TASK PROMPT -> Reproduce the records below exactly; the images should not appear.

[Caption-style text data]
....
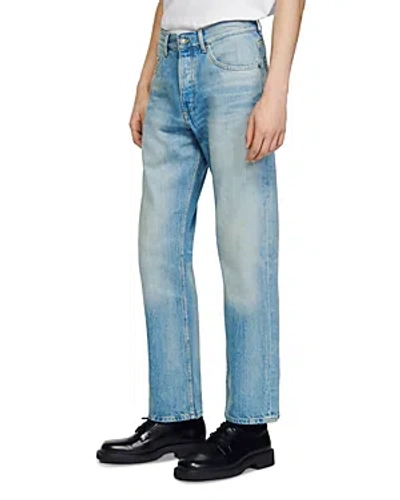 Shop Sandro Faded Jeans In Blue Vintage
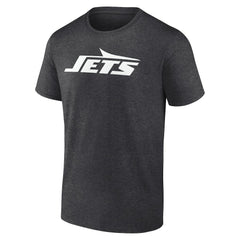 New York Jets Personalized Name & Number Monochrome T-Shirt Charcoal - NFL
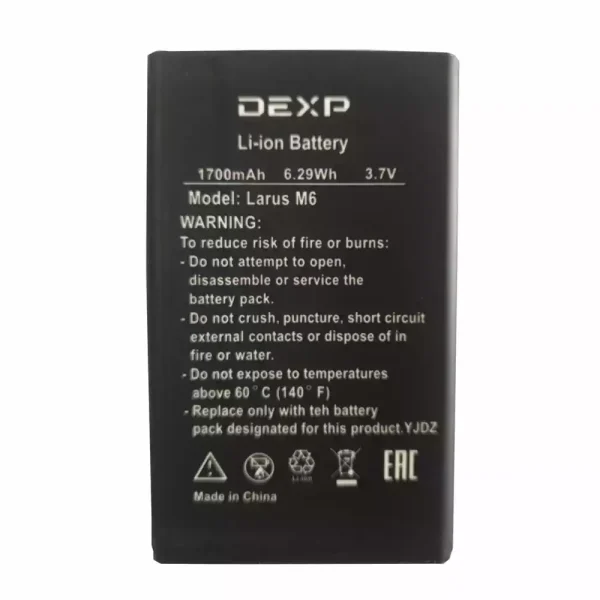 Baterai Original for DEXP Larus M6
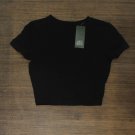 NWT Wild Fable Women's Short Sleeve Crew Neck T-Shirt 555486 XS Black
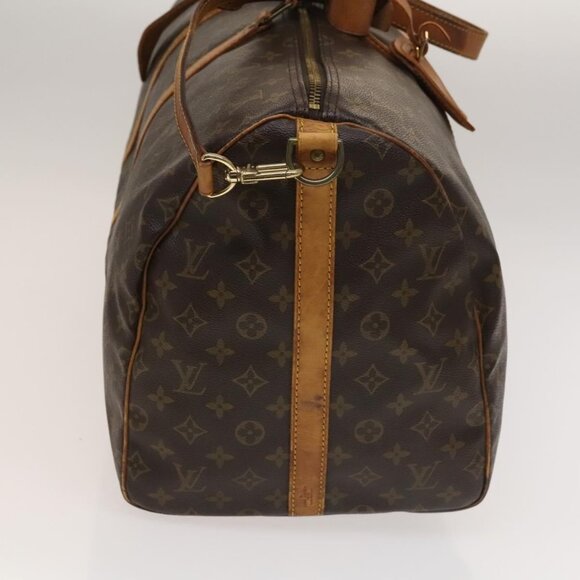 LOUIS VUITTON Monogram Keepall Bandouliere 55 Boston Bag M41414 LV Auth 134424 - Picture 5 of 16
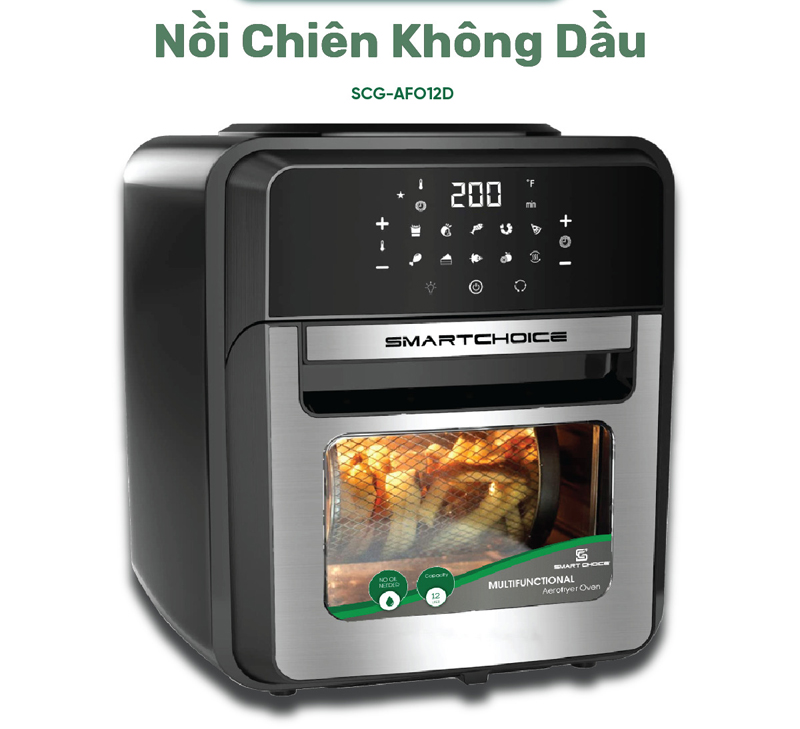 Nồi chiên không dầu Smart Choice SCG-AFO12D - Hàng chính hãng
....
RESPONSE AREA ->
 Shop Sandro Faded Jeans In Blue Vintage
 New York Jets Personalized Name & Number Monochrome T-Shirt Charcoal - NFL
 Baterai Original for DEXP Larus M6
 NWT Wild Fable Women's Short Sleeve Crew Neck T-Shirt 555486 XS Black
 LOUIS VUITTON Monogram Keepall Bandouliere 55 Boston Bag M41414 LV Auth 134424 - Picture 5 of 16
 Nồi chiên không dầu Smart Choice SCG-AFO12D - Hàng chính hãng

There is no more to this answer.